For professional oboist and record-label founder Celia Craig, listening to or performing music is a profoundly visual, almost psychedelic experience. A specific piano note can flood a room with blinding white, while orchestral pieces might conjure emerald green landscapes or the sensation of floating on billowing purple waves. This is her reality, thanks to a neurological condition known as chromesthesia.
Discovering a Colourful World of Sound
Celia's first conscious experience of synaesthesia—a phenomenon affecting 2% to 4% of the population—occurred at just three years old. "Somebody played the B note on the piano. The whole room went white, like a blizzard," she recalls. For years, she assumed everyone perceived the world this way, where each musical note had its own distinct colour and texture.
This unique perception provided an unexpected advantage in her musical training. Similar to a character visualising chess moves in The Queen's Gambit, Celia could see music unfold in colour, aiding memorisation and pitch-perfect playing. "I don't need to memorise a piece of music because it's playing out in front of me in colour," she explains. Her talent led her to the Kent Junior Music School, though her sensory experiences, like doing scales with closed eyes, sometimes puzzled her teachers.

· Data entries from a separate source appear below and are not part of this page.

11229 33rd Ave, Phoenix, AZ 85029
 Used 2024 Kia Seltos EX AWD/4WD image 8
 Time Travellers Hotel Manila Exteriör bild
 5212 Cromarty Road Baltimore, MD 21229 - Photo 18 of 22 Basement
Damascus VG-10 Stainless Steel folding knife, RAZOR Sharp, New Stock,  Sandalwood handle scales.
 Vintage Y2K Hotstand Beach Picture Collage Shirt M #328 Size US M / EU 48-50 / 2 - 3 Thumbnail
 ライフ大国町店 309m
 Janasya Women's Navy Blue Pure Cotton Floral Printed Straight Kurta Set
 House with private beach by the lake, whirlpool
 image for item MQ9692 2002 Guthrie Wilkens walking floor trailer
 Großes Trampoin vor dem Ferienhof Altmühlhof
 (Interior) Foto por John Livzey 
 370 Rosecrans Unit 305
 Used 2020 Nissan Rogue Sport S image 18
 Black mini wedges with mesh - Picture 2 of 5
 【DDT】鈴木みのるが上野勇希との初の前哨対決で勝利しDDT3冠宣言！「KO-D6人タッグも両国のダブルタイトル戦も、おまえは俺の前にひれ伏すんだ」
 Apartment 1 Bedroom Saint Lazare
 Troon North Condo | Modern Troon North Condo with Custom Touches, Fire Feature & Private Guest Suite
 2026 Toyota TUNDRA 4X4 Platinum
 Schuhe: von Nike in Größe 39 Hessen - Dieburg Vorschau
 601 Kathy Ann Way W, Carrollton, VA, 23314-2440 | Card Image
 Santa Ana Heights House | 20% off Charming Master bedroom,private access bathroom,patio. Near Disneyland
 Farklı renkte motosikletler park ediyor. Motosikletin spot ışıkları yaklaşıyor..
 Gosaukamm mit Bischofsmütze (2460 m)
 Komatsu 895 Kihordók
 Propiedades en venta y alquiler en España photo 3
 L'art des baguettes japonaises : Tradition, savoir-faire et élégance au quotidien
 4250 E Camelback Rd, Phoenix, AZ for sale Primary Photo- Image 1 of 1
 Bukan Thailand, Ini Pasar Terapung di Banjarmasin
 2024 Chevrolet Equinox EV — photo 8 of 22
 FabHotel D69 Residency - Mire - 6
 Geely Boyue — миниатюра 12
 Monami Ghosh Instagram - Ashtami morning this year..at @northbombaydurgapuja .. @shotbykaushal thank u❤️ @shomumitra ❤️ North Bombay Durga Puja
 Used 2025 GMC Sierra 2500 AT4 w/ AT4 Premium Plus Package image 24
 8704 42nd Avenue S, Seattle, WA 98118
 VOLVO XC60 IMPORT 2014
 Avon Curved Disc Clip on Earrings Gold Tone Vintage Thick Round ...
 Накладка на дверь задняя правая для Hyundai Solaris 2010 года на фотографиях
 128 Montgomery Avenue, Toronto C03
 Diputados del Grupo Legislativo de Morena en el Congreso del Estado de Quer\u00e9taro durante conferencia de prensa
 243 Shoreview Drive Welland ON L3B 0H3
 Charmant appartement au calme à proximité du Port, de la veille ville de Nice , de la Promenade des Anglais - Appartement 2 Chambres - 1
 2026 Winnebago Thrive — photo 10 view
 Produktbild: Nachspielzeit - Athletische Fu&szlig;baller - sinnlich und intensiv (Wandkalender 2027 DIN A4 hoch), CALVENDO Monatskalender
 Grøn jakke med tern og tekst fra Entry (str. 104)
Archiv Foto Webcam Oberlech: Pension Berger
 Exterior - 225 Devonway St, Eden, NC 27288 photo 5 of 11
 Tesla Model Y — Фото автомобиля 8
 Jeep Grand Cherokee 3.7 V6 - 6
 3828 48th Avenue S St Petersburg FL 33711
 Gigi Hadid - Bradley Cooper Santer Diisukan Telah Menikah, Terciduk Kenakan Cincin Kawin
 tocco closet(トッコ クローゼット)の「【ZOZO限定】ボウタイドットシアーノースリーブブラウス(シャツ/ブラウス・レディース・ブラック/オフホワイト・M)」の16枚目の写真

From Hiding to Embracing a Neurodivergent Gift
It was in her early teens that Celia first learned the term 'synaesthesia', after a family friend was diagnosed with a related form. She soon understood her own condition was chromesthesia (auditory-visual synaesthesia), where specific sounds automatically trigger colour visions. However, opening up about it led to bullying, silencing her for over two decades as she built a career with prestigious ensembles like the BBC Symphony Orchestra.
"A girl turned around and told me everyone thought I was weird," Celia says of a school incident where a beautiful piece moved her to tears. It took a period of depression and the guidance of a mental health specialist to help her reframe her synaesthesia not as a burden, but as a unique gift and a form of neurodiversity.
Championing Awareness and Building Community
Now 57, Celia is a passionate advocate. She has created a primary school programme to normalise difference and launched an album of improvised sound baths to promote neurodiversity awareness. Her research into the synaesthetic 1930s Australian composer Miriam Hyde has been a source of inspiration and solidarity.
Looking forward, Celia envisions more inclusive concerts for neurodiverse audiences and online communities for synaesthetes. She believes that by celebrating this variation in perception, society can help future synaesthetic artists—like Billie Eilish and Lorde—thrive and prevent the bullying and depression she once faced.
"Synaesthesia is not a disorder; it's a variation of human perception that should be celebrated," Celia states emphatically. "I only wish I'd discovered that decades earlier." Her story stands as a powerful testament to embracing the unique ways in which we all experience the world.